DataSync in AWS

In general, everyone maintains data of their own, either it might be an Organizational/Individual and it can be in any format (image, .zip, .doc, media, pdf, .exe, .deb, .dmg, etc.). In olden days people used to store the data on papers and then into the machines known as computers. Many storage devices like External HDD, SAN, etc. came into existence. Again the new era has come known as cloud to store the data and few trending companies like Google Drive, One Drive, AWS, etc. stores the user’s data. But storing of data depends on the many factors like registration of accounts, storage limits, pay for use, bandwidth while transferring of data, etc. Everyone (Organization/Individual) who uses these data storage services (Google Drive, One Drive, AWS S3, etc.) stores data within no time i.e., the service should be fast, reliable, secure and more over the data synchronization is must.

Many cloud offering companies have achieved this and recently AWS a well-known Organization who offers vast services introduced another service in its recent re:Invent program as AWS DataSync. This Service comes with optimization of the time and network and fast synchronization which is 10 times more than usual transfer rate in short this service is called the Migration with AWS DataSync.

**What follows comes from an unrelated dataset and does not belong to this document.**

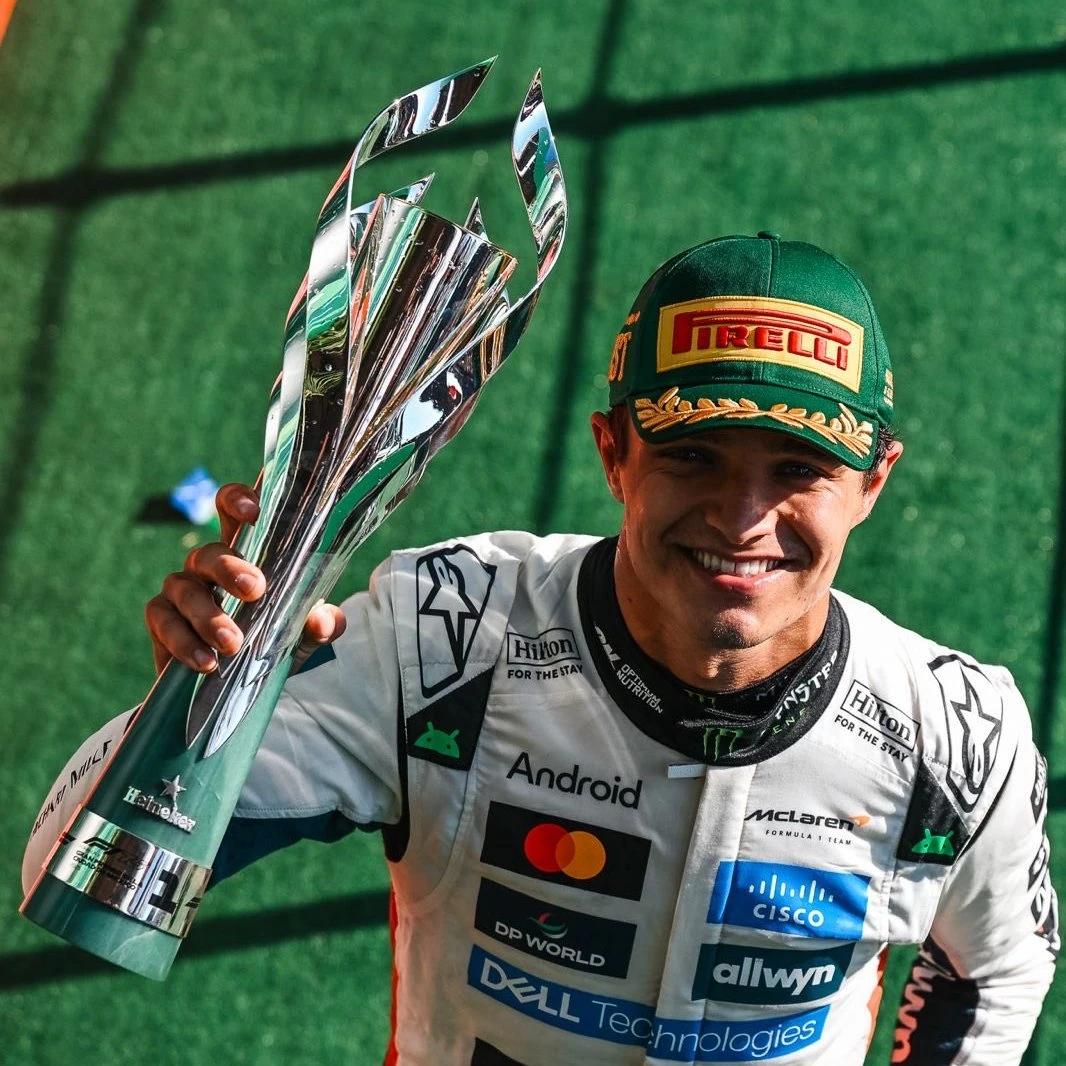 2025 Formula 1 Meksika | Şampiyona lideri Norris! gallery image 0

Many popular sectors like Media & Entertainment, Oil & Gas, Life Sciences, Scientific, etc. where they have large amounts of data in their on-premises and they need to secure the data somewhere (traditional storages/cloud) so that they can free space after migration of data from on-premises to somewhere by the EOD. Here Comes the fast, reliable, secure, optimized service in recent times comes into existence as AWS DataSync. DataSync is not only for Migration it offers other use cases like data processing, disaster recovery, and one-off transfers of large datasets.

Advantages:

  1. Single DataSync is capable of saturating a 10Gbps of network line.
  2. Can control the network bandwidth so that other application in on-premises doesn’t affect while DataSync.
  3. Security is provided by AWS.
  4. Online Migration for active data sets, timely transfers for continuously generated data.
  5. Replication for business continuity.
  6. No charge for service i.e., only for the amount of GB transferred.
  7. Incremental Transfers.
  8. Transfer can be in two ways:
  9. On-Premises to AWS
  10. AWS to On-Premises.

Limitations:

  1. Limited to 100 number of tasks per region.
  2. Max – 50 Millions of files per task in DataSync.
  3. For 20 Millions of files need 64 GiB of RAM to VM.
  4. Max – 10Gbps of throughput per task.
  5. For addition of limits contact the AWS and the pricing is different.

 

Available Regions:

AWS DataSync is available in US East (N. Virginia), US East (Ohio), US West (Oregon), US West (N. California), Europe (Ireland), Europe (Frankfurt), Asia Pacific (Seoul), Asia Pacific (Singapore), Asia Pacific (Sydney), and Asia Pacific (Tokyo) Regions.

Functionality:

Implementation:

  • Select the Use Case
    • On-Premises to AWS
    • AWS to On-Premises
  • Create Agent.
    • Download the VMWare image from AWS Console and deploy on the On-Premises VMWare ESXi Hypervisor.
    • Activation Key is generated when On-Premise IP address connects to that Sync agent.
    • After generation of Activation key from AWS Console, need to pass it to the agent for successful creation of Agent.
  • Create Task by choosing Step1.
  • Source Location: Configure the location Type of On-Premise (NFS) and the agent who is working for DataSync.
  • Destination Location: Choose S3 or EFS and provide the folder names of user’s choice with IAM role you configure.
  • Tick the Boxes for following of User’s choice:
    • Enable Verification
    • Ownership.
    • Permissions.
    • Timestamps.
    • Setting Bandwidth (Use available / Setting Bandwidth (MiB/s))

Status:

Tasks are listed where the console consists of Task ID created by AWS, Source and destination location, created timestamp. Status of the task, soon the Transfer initiates is displayed in console with Duration, MiB/s, Files/sec, Task IDand start time. All the transfers are incremental and if there are no changes in On-Premises still AWS Console keeps the history that it checks the synch of On-Premises with Sync Agent and will be stored in history of DataSync Console.

Summary:

With DataSync, no need of any CLI cause the automation of manual work with no extra effort for parallelizing and number of transfers at a time. Security is entirely handled by AWS.

Over to you:

Now What??? Every service involves in storing large dataset to cloud has their own strength. Everyone knows about AWS Snowball Edge but now DataSync in AWS is a powerful pack of punch cause of its timely transfers for continuously generated data. Try with your own practices by using AWS DataSync.